Journal of Zoology
- Discipline: Zoology
- Language: English
- Edited by: Nigel Bennett

Publication details
- Former names: Proceedings of the Zoological Society of London, Journal of Zoology: Proceedings of the Zoological Society of London
- History: 1830–present
- Publisher: Wiley-Blackwell for the Zoological Society of London (England)
- Frequency: Monthly
- Impact factor: 2.322 (2020)

Standard abbreviations
- ISO 4: J. Zool.

Indexing
- CODEN: JOZOEU
- ISSN: 0952-8369 (print) 1469-7998 (web)
- OCLC no.: 15264754

Links
- Journal homepage;

= Journal of Zoology =

Scientific journal

The Journal of Zoology is a scientific journal concerning zoology, the study of animals. It was founded in 1830 by the Zoological Society of London and is published by Wiley-Blackwell. It carries original research papers, which are targeted towards general readers.
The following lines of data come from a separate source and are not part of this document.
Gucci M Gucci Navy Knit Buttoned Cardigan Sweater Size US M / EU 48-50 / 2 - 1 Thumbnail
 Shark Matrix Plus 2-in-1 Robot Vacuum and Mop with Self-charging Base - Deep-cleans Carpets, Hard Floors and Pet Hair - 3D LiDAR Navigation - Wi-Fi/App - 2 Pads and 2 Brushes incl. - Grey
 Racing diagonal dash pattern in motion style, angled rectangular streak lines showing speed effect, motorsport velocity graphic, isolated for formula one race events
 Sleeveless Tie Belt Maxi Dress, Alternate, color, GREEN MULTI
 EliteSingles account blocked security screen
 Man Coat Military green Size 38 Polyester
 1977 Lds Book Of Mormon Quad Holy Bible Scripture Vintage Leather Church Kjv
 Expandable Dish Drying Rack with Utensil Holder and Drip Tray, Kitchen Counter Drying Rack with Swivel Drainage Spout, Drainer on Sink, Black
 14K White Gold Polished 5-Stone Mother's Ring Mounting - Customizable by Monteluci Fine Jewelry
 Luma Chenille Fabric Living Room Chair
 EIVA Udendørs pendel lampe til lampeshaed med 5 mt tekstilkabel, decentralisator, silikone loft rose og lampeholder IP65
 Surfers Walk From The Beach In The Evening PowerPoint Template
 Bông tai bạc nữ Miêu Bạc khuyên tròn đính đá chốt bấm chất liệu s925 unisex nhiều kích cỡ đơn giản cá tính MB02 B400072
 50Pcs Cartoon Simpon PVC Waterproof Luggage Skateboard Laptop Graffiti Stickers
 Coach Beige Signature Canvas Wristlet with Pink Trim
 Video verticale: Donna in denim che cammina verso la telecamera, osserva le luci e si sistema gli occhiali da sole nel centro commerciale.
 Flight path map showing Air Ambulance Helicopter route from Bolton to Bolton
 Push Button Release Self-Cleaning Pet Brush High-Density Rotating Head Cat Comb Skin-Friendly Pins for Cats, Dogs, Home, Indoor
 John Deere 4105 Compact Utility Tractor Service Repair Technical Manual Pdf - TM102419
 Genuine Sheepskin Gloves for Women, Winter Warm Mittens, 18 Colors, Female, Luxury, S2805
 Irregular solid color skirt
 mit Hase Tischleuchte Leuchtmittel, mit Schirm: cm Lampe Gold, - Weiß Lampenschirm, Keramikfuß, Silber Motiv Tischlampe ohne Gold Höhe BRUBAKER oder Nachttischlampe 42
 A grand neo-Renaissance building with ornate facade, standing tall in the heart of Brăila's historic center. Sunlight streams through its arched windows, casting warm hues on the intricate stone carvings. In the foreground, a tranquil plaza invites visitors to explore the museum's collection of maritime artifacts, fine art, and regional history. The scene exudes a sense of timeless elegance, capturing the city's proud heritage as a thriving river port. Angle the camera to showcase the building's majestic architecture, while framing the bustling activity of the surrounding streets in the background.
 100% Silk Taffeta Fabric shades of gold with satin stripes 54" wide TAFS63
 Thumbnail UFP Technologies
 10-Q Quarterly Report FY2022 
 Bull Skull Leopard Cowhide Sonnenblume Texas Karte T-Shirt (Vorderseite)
Some of the articles are available via open access, depending on the author's wishes. According to the Journal Citation Reports, the journal has a 2020 impact factor of 2.322, ranking it 36th out of 175 journals in the category "Zoology".

From around 1833, it was known as the Proceedings of the Zoological Society of London. From 1965 to 1984, it was known as the Journal of Zoology: Proceedings of the Zoological Society of London.